Category Archives: Technology

Agiloft — For those with Lofty Ambitions for Contract Management Agility

Agiloft is another rare breed in the Supply Management space. It’s ancient (as it was founded in 1991, only a year after the first web browser was invented), it was founded to be a back-office B2B enterprise application (and their main offerings are service desk, workflow & business process management, and contract management), it’s debt-free, it has a large network of resellers, it has multiple global hosting locations (to support local privacy laws or government & military security requirements), and you can have it anyway you want: pure (low-cost) multi-tenant SaaS, classic ASP, or even on-premise with your choice of two different platforms (Windows or Linux). [Hint, choose the 2nd.]

Obviously, in this post we are going to focus on the contract management solution, as that is the most relevant to Supply Management, and the related BPM and Workflow elements they have in their Workflow and BPM solution to support it as well as their Asset Management capabilities.
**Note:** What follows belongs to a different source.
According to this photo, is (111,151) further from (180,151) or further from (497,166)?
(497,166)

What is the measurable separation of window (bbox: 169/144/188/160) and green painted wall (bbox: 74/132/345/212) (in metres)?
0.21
While the ability to use a single vendor for multiple “back office” B2B applications might be attractive to some organizations, our specialty here at Sourcing Innovation is Supply Management and Supply Technology Innovation, and that’s what we will cover.

The contract management solution supports contract creation, negotiation, approval and renewal. It contains a searchable central repository with double-byte language support and automatic audit trail for regulatory compliance, clause libraries, Word templates, and Word integration. In addition to Word integration, it also provides a complete API and and bi-directional pre-built integration with systems such as AD, SAML, Oauth, SSO, SalesForce, MS Exchange, DocuSign, QuickBooks, and Xero.

The contract creation is not only flexible, but so is the complex review and approval routings that can contain a combination of sequential, parallel, and conditional approvals. Agiloft’s ability to create and support complex, customizeable, business processes and workflows make complex creation and approval processes a snap. Furthermore, in addition to complete version history (and automatic redlining), it also supports a complete audit trail of those changes, built in OCR that can process attached image files, and fine-grained security that can control access by user group down to individual fields in a contract record.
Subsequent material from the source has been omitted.